If a line in the data has the string "Shirt", please show it.

Items listed in a dataset:
'''
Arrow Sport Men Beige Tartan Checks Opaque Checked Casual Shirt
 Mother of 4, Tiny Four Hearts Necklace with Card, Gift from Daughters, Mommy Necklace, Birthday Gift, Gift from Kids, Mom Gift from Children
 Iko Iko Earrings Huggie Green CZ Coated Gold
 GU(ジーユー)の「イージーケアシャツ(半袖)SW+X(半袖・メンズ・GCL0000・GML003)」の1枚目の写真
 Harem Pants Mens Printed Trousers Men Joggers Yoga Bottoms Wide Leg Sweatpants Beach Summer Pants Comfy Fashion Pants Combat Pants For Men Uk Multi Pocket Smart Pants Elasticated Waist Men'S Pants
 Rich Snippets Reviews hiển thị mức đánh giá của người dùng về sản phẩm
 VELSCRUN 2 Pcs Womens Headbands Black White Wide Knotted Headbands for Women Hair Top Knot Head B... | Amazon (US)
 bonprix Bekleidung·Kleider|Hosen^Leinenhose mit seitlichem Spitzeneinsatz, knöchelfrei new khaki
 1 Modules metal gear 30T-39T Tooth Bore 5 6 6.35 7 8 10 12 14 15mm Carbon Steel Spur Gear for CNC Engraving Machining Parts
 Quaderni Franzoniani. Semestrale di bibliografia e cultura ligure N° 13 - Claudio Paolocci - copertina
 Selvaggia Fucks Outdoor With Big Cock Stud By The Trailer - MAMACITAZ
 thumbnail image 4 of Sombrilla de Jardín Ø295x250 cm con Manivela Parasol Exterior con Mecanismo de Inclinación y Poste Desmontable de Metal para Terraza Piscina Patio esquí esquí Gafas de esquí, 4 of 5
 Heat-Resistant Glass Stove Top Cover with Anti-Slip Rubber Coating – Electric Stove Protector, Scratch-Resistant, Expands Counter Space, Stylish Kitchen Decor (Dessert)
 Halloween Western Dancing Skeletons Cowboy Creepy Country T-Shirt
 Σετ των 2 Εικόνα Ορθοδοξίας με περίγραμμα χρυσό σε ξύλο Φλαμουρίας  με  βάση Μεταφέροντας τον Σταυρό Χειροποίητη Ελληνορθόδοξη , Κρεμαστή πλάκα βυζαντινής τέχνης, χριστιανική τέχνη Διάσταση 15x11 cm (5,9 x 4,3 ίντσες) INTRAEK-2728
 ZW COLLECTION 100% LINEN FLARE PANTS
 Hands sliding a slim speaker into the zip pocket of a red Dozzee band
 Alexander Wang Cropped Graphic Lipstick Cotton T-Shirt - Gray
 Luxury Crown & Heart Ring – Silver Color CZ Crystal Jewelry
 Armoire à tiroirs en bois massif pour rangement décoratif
'''
Task answer:
Arrow Sport Men Beige Tartan Checks Opaque Checked Casual Shirt
 Halloween Western Dancing Skeletons Cowboy Creepy Country T-Shirt
 Alexander Wang Cropped Graphic Lipstick Cotton T-Shirt - Gray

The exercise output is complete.